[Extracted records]
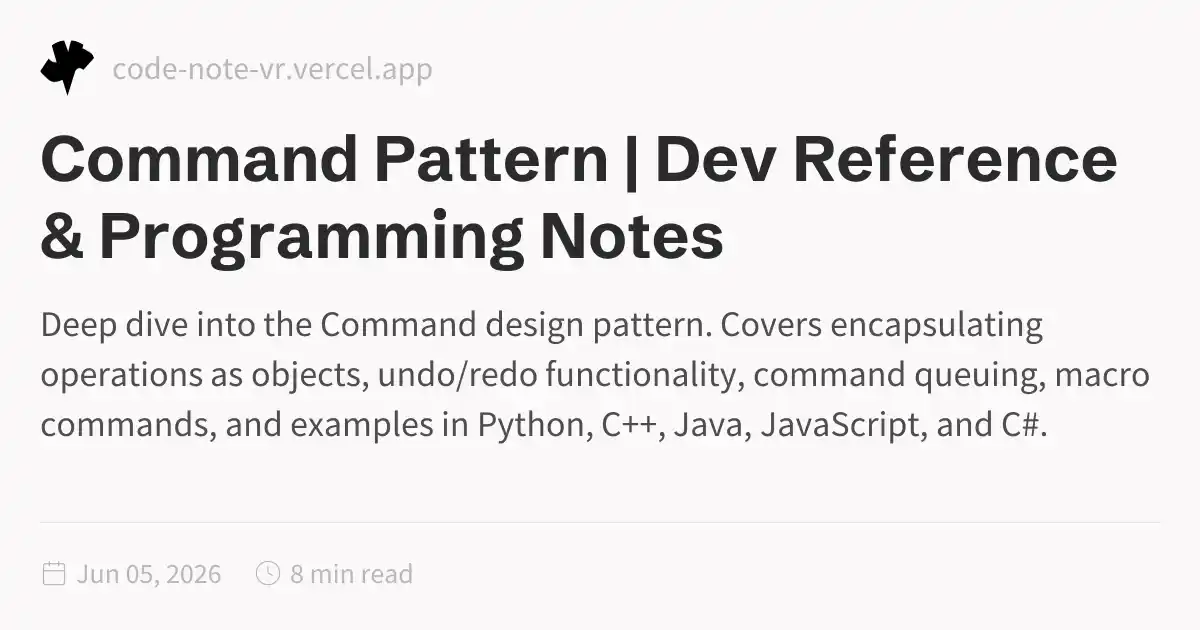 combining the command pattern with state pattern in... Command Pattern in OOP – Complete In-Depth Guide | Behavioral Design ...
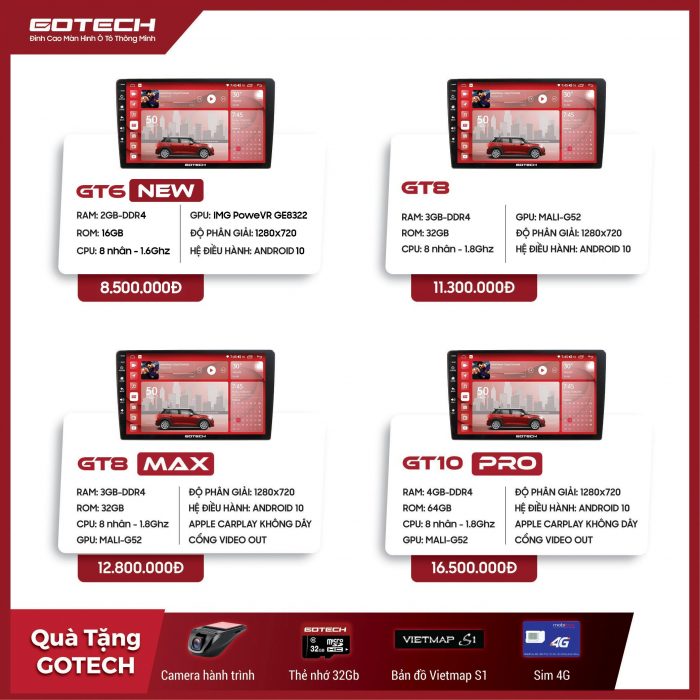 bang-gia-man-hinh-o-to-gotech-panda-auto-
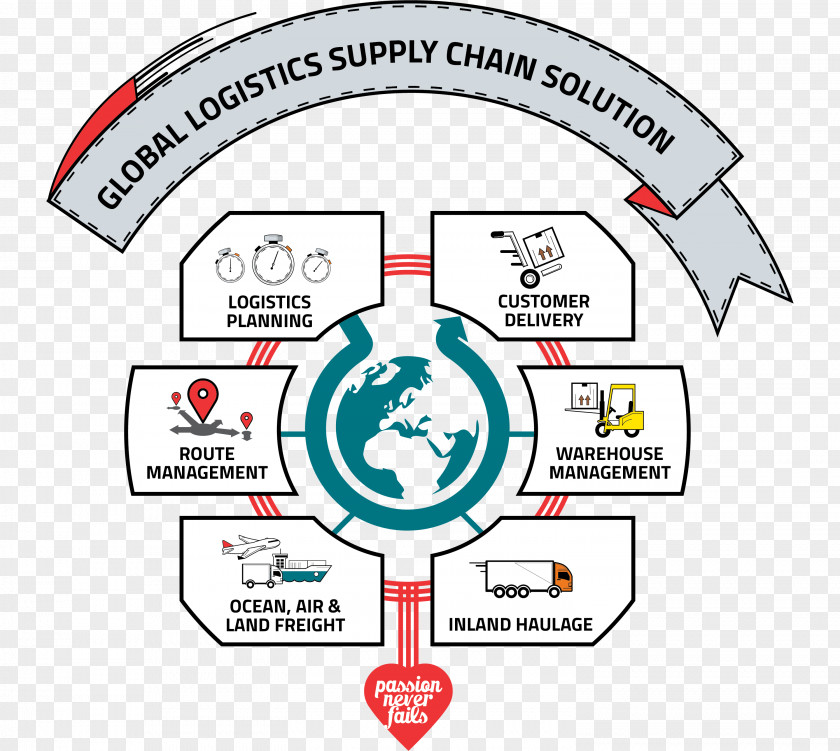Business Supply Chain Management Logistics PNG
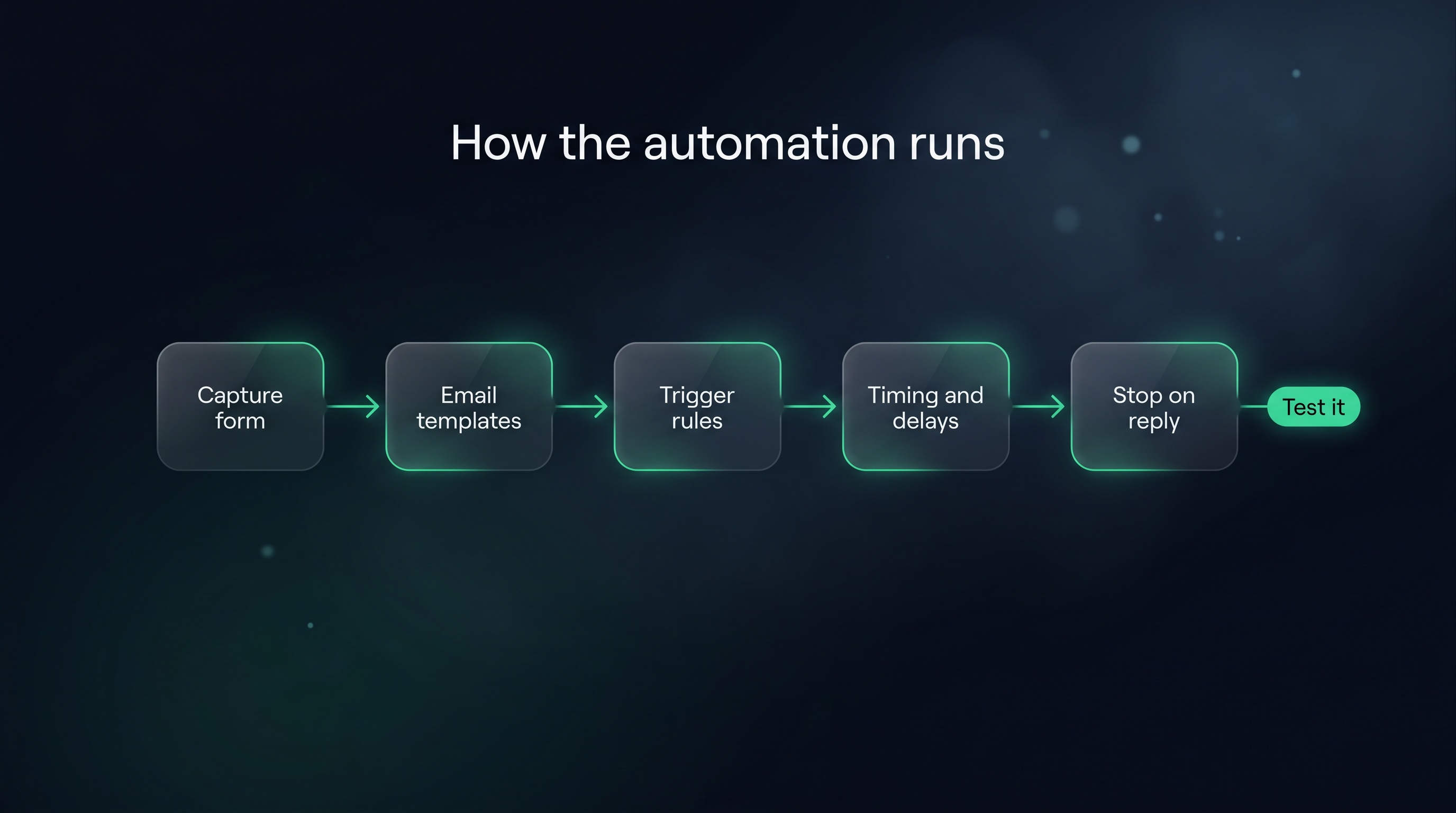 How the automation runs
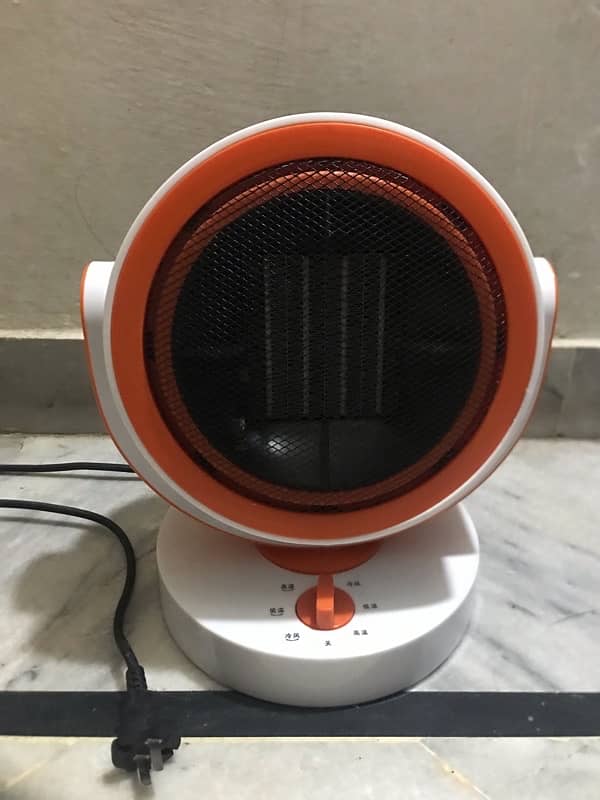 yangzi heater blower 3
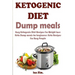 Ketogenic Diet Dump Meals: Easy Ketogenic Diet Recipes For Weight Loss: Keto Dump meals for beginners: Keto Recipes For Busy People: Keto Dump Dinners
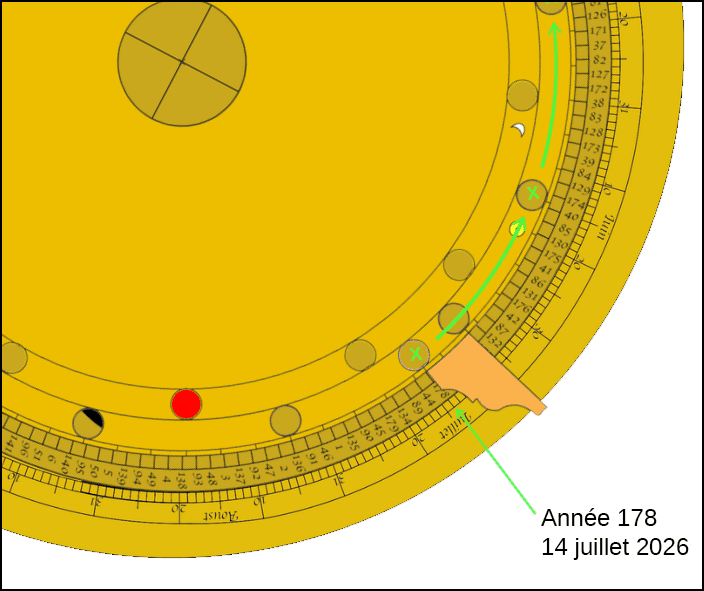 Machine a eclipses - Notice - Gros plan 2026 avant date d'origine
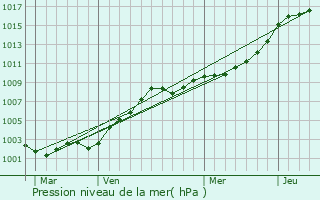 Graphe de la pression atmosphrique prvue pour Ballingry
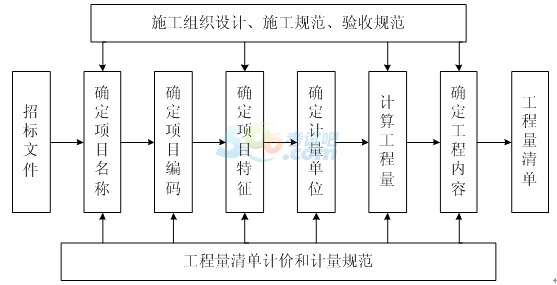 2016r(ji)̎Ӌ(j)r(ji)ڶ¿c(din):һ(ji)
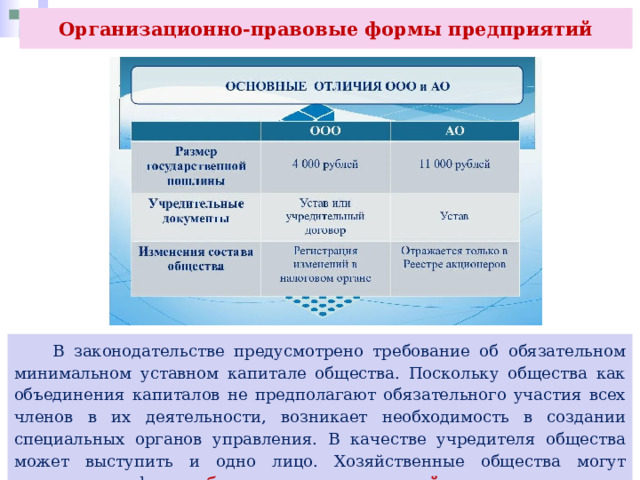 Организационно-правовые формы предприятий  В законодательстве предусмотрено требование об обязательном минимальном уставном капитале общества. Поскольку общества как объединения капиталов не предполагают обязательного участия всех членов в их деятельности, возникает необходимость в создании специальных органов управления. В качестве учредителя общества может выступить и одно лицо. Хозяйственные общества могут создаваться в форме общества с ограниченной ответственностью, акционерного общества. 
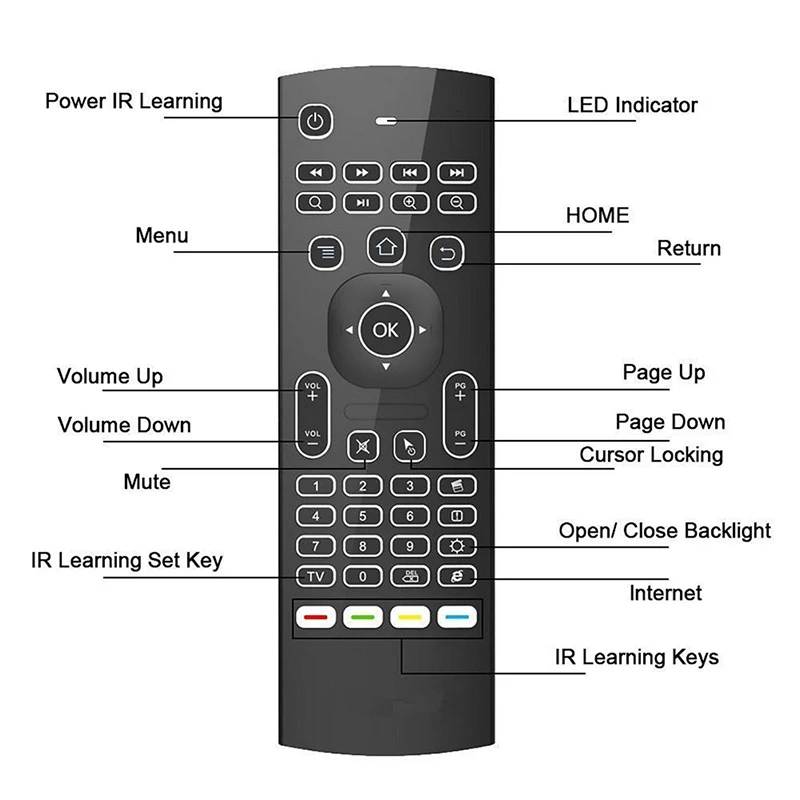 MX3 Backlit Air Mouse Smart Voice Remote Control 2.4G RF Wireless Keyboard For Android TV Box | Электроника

**Goal of the exercise**
All of the entries above should be copied exactly, with the images left out.

**Answer for the task**
 combining the command pattern with state pattern in... Command Pattern in OOP – Complete In-Depth Guide | Behavioral Design ...
 bang-gia-man-hinh-o-to-gotech-panda-auto-
Business Supply Chain Management Logistics PNG
 How the automation runs
 yangzi heater blower 3
 Ketogenic Diet Dump Meals: Easy Ketogenic Diet Recipes For Weight Loss: Keto Dump meals for beginners: Keto Recipes For Busy People: Keto Dump Dinners
 Machine a eclipses - Notice - Gros plan 2026 avant date d'origine
 Graphe de la pression atmosphrique prvue pour Ballingry
 2016r(ji)̎Ӌ(j)r(ji)ڶ¿c(din):һ(ji)
 Организационно-правовые формы предприятий  В законодательстве предусмотрено требование об обязательном минимальном уставном капитале общества. Поскольку общества как объединения капиталов не предполагают обязательного участия всех членов в их деятельности, возникает необходимость в создании специальных органов управления. В качестве учредителя общества может выступить и одно лицо. Хозяйственные общества могут создаваться в форме общества с ограниченной ответственностью, акционерного общества. 
 MX3 Backlit Air Mouse Smart Voice Remote Control 2.4G RF Wireless Keyboard For Android TV Box | Электроника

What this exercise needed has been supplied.